> _Work required_
The answer must consist solely of the lines from the line with "Light Diamond-Encrusted PC" to the end of the data below, transcribed exactly and with no pictures.

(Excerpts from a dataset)
:::
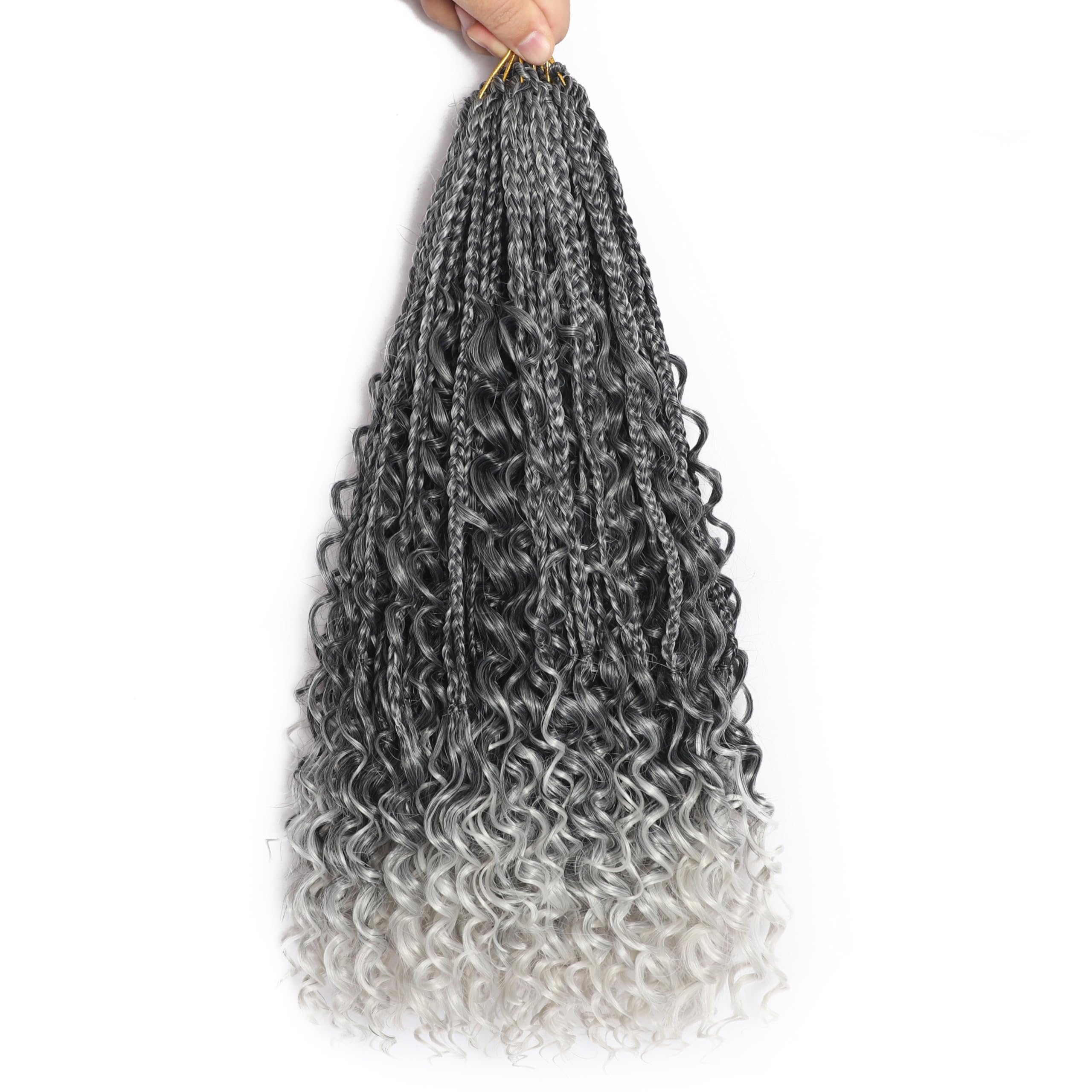poetically Ombre Grey Boho Goddess Crochet Braids 18 Inch Pre-looped Hair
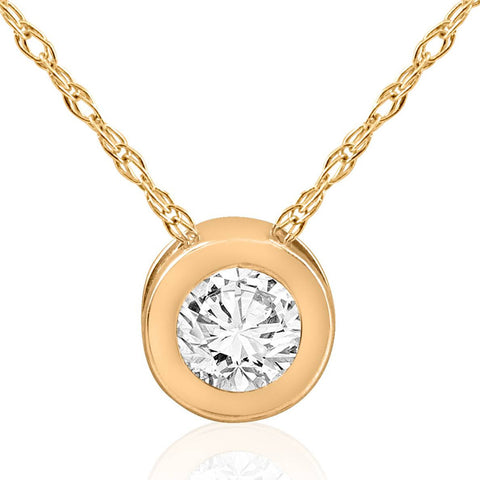 14K Yellow Gold 3/4ct Round Bezel Natural Round Cut Diamond Pendant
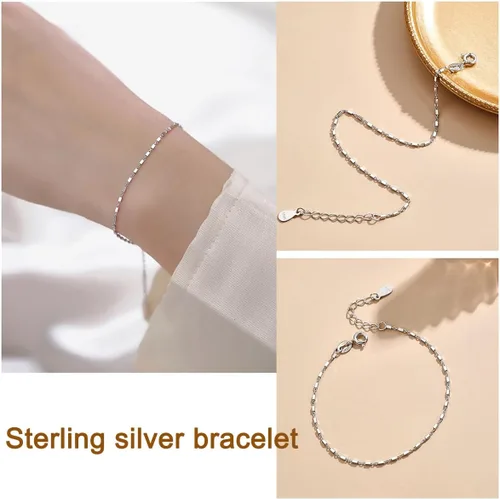 Vista 3 de ERLOSYA Pulseras de plata de ley para mujerdijes de cadena de plata 925 para adolescentes y niñaspulsera de plata ajustable delicada joyería regalo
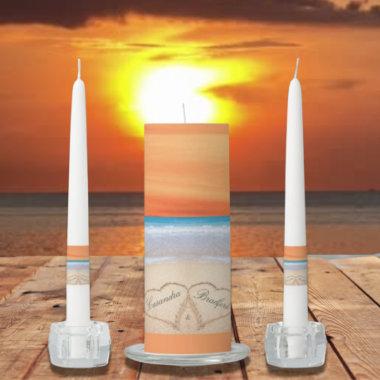 Fall Sunset Beach Wedding 2 Hearts Sand Unity Candle Set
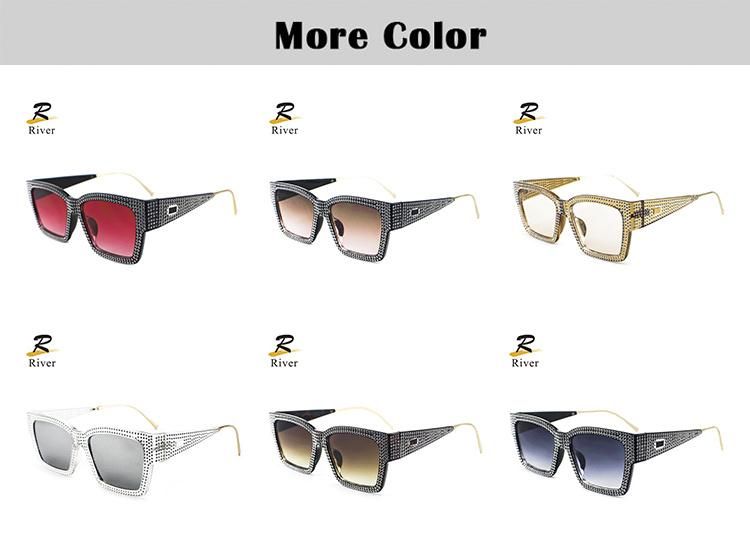 Light Diamond-Encrusted PC Frame Women Stock Sun Glasses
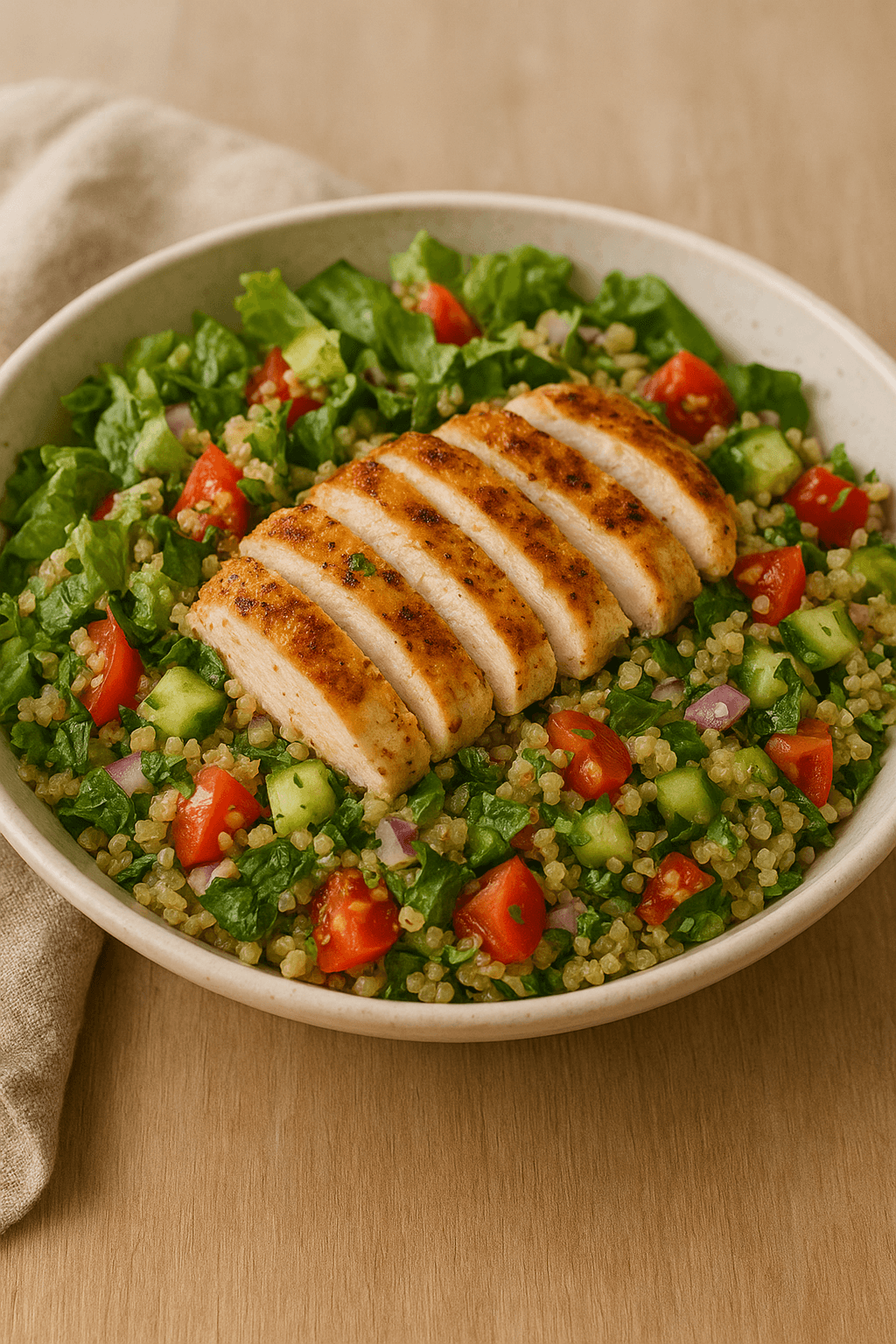 Ensalada de Quinoa y Pollo: El Almuerzo Completo y Refrescante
:::
> _Solution_
 Light Diamond-Encrusted PC Frame Women Stock Sun Glasses
 Ensalada de Quinoa y Pollo: El Almuerzo Completo y Refrescante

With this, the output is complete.